El día anterior, el fiscal especial de Prevención del Delito, Eloy Velásquez, acompañado de las doctoras Nancy de la Cruz y Elba Plasencia del Instituto de Medicina Legal habían irrumpido los pagos de Teixeira. El maestro entonces, se inquietó casi poseso. Agotado y sorprendido ante la visita, dijo: “No va más” y se marchó en plena sesión a la residencia de Chaclacayo donde pernoctaba desde que llegó. Al fiscal casi lo linchan. Estrujado y ofendido, escapó con todas las maldiciones a cuestas. El Perú alucinado ya no estaba para soportar represiones de aquel otro país, el Perú oficial.

“Ya se fue, ya lo aburrieron, ahora quién podrá salvarnos”. De la nada aparecen cartelones: “Médicos y fiscales incapaces. Dejen que Joao nos cure”. “Teixeira, no te vayas por favor”. “Señor fiscal, tenemos tumores. Queremos curarnos”. “Médicos si no saben curar, dejen que Teixeira nos salve”. Una matrona entrada en carnes grita que hay que escribirle rápido una carta al presidente Fujimori. Ahora estrellados, corren listas y desesperan por un lapicero. Desesperados rasgan sus nombres en papeles cuadriculados, su libreta electoral y sus temblorosas firmas. Un tipo elegante jura que él puede conseguir consultas privadas porque Joao no se puede ir así nomás: “Soy íntimo de Jonel, yo te la consigo”.

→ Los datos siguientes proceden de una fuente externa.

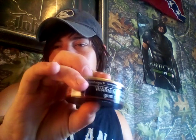Today we are doing Copenhagen Southern Blend. I already had a dip — this is about my 20th can I ever had. This is what it looks like: Copenhagen Southern Blend. 'Satisfaction since 1822' — that's all the warning labels. Copenhagen Southern Blend, fresh guarantee.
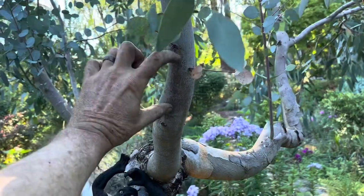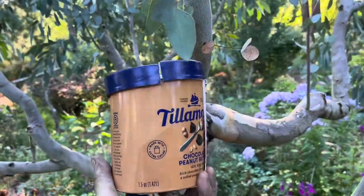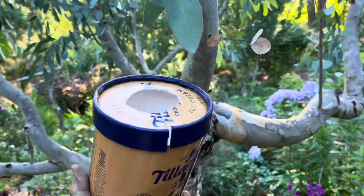Might as well air layer it first. Looks like about the right size container. Nice test fit.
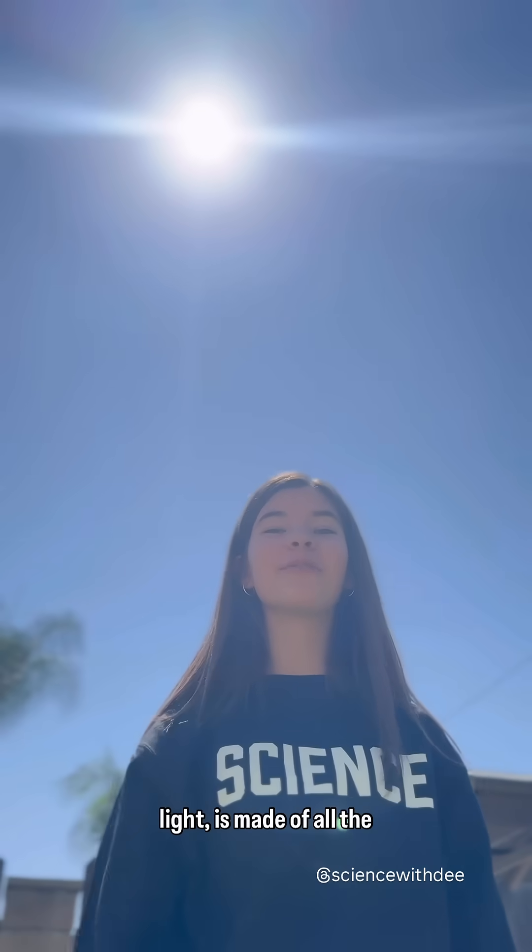Sunlight, also known as white light, is made of all the different colors of the rainbow. A prism lets us see all the different wavelengths.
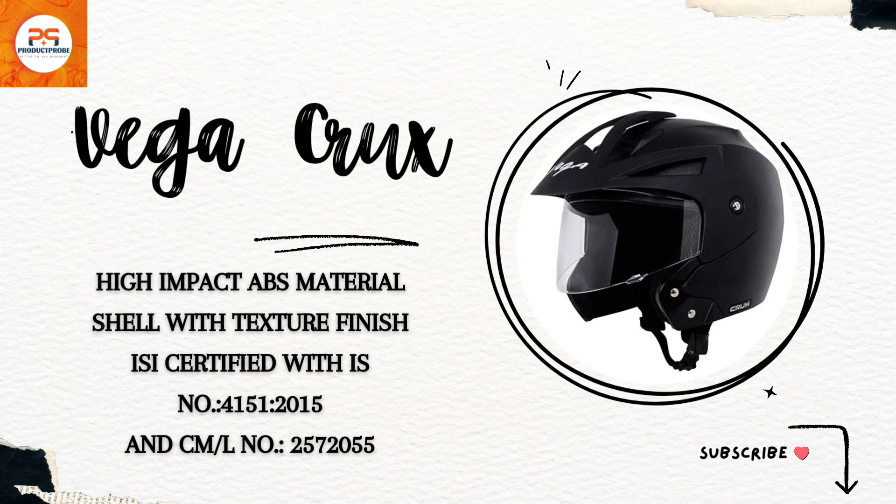Dive into the world of road safety with the high-impact ABS material shell featured in the ISI certified Vega Crux helmet.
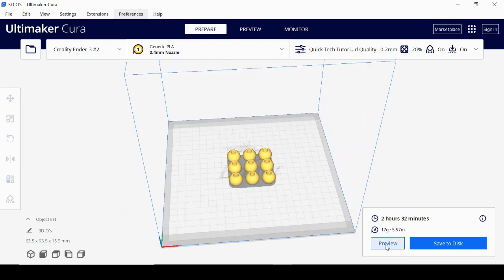You can preview the print beforehand. If you're saving to an SD card to plug into the printer, you can save it to disk. If your printer is connected directly via USB, there would be a Print button right here. And your print is good to go. Hopefully this is enough to get you started — remember it's a learning curve, but it's fun to play around and see what works best for your printer, object, and material. Leave any questions in the comments below, and thanks for watching Quick Tech Tutorials.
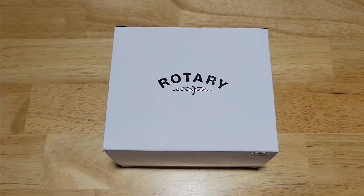Today I've got the Rotary Henley Chrono 100-meter quartz, model number GB05440-02. Rotary was kind enough to send me this watch. Let's check this thing out.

Uno de la municipalidad confirma que Teixeira tiene permiso para trabajar en ese lugar 15 días, pero ya nadie le cree. “Teixeira está atendiendo a los pitucos en Los Cóndores de Chaclacayo, no hay derecho, vamos a buscarlo” —porfía un hombre de aspecto moribundo. Un capitán de la policía vocifera: “Retírense, Teixeira ya se fue”. Pero los enfermos siguen llegando, a uno lo traen sobre una carretilla, tiene el aspecto de un cadáver fresco y arrepentido. De los 30 mil inscritos, menos de la mitad alcanzó ver al maestro. Y gimen empapados en lágrimas. Y ahí mismo se reparten unos volantes donde una agencia de viajes anuncia un tour a Brasilia. “Ese es negocio de Jonel”, asegura uno que está en silla de ruedas.

Y cerca de la una, la turba indignada y con cartelones inicia la marcha que había empezado con una pequeña cartulina donde se leía algo contra el poder económico y siguen firmas: “A Palacio, vamos todos a Palacio, Fujimori nos tiene que escuchar”. Y los de muletas, los de prótesis y los de corazones ortopédicos, se arrastran en busca del milagro presidencial, así ganan la avenida Brasil y un poco más. Pero ahí está otra vez el orden lógico, el varazo, el chorro de agua hedionda y el insulto policial. Los otros no pueden con sus huesos y ahí se quedan, amarrados a la bondad del santón.

Milagrera, hace su aparición una flota de microbuses plomos con guinda de la línea Lima-Chosica. El de placa UG-6049 cobra dos millones hasta Los Cóndores, el UG-9743 se apiada de los psicosomáticos y rebaja en 100 intis el pasaje hasta las entrañas de la retroalimentación biológica. Pero en Chaclacayo, habita otro Teixeira de Dios. Aquel que selecciona a los mortales por el peso de los bolsillos, ese que recibe las voluntades en dólares dizque para la iglesia. La vigilancia es severa para los pobres, el maestro hoy no atiende porque está agotado. Un tullido se desgañita en la puerta: “¡Mentira, dónde se ha visto que un santo se cansa!” Teixeira camina ahora por la avenida Larco, reza en una iglesia de Miraflores y pide clemencia por todos nosotros. Los peruanos alucinados pueden esperar un poco.